Required work: Would you retype the listing below word for word, without any of its pictures?

Given data:
# # # #
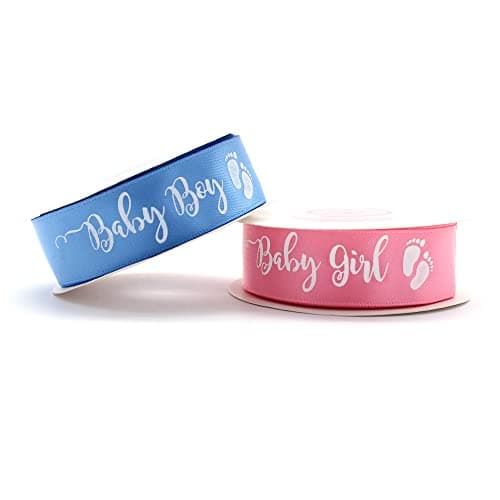 OMISS - Ruban BABY GIRL en satin pour décoration - Largeur 19 mm - Idéal pour naissance, baby shower et anniversaire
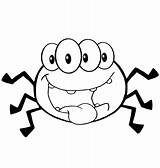 Spider Coloring Cartoon Pages Printable Happy Halloween Spiders Cute Drawing Easy Color Kids Animal Print sketch template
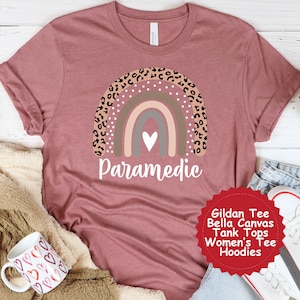 Paramedic Shirt, Gift for Paramedic , Leopard Print Rainbow Shirt, Graphic Tees and Hoodies, Paramedic T-shirt, Custom Shirt and Sweatshirt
# # # #
Expected output:
 OMISS - Ruban BABY GIRL en satin pour décoration - Largeur 19 mm - Idéal pour naissance, baby shower et anniversaire
 Spider Coloring Cartoon Pages Printable Happy Halloween Spiders Cute Drawing Easy Color Kids Animal Print sketch template
 Paramedic Shirt, Gift for Paramedic , Leopard Print Rainbow Shirt, Graphic Tees and Hoodies, Paramedic T-shirt, Custom Shirt and Sweatshirt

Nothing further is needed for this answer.